Adsorption kinetics and Box–Behnken design optimization for organic dyes on tungsten oxide

Transition metal oxides have been applied to degrade organic dyes found in water bodies via photocatalysis. To do it, however, is essential that the dye molecules adsorb onto the metal oxide surface. Thus, optimizing the adsorption capacity of the adsorbent increases the probability of reaction between oxidation radicals and organic dye molecules and maximizes the effectiveness per gram of photocatalyst. With this in mind, we studied the adsorption behavior of Methylene Blue (MB) and Acid Orange 7 (AO7), two commonly found pollutants, as a function of dilution’s pH, WO₃ load, and initial dye concentration. We found out that WO₃ adsorbs up to 80% of MB at pH = 6, and 13% of AO7 at pH = 2, although it is unable to adsorb AO7 at the natural pH of the dye dilution. Assuming a pseudo-second order kinetics model for the analysis of the MB adsorption amount, we determined a rate constant k ₂ = 6 × 10⁻²(g · mg⁻¹)/min for the adsorption process.

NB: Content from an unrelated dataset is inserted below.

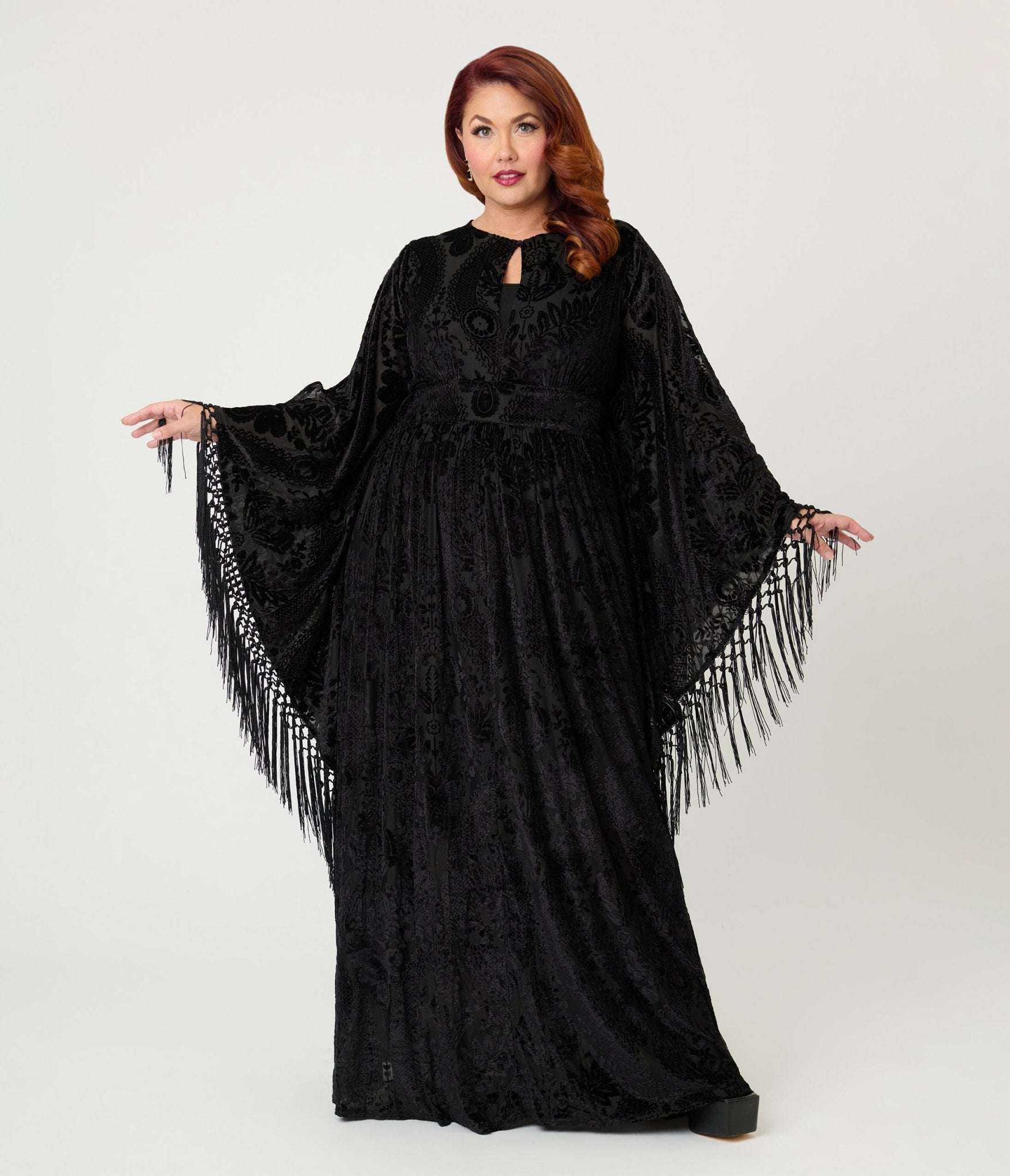Unique Vintage Plus Size Black Floral Burnout Fringe Flutter Sleeve Ca Unique Vintage Plus Size Black Floral Burnout Fringe Flutter Sleeve Ca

We put forward a molecular model for adsorption, driven by concentration gradients and electrostatic interactions. Finally, from a statistical analysis, we determined that pH is the most significant factor for the adsorption of MB and AO7 on WO₃, reinforcing the notion that electrostatic interactions are the main mechanism driving the adsorption process. The Box–Behnken design optimization also evinces the key playing role of WO₃ load in the adsorption percentage of AO7 and let us establish the optimal load required to maximize adsorption.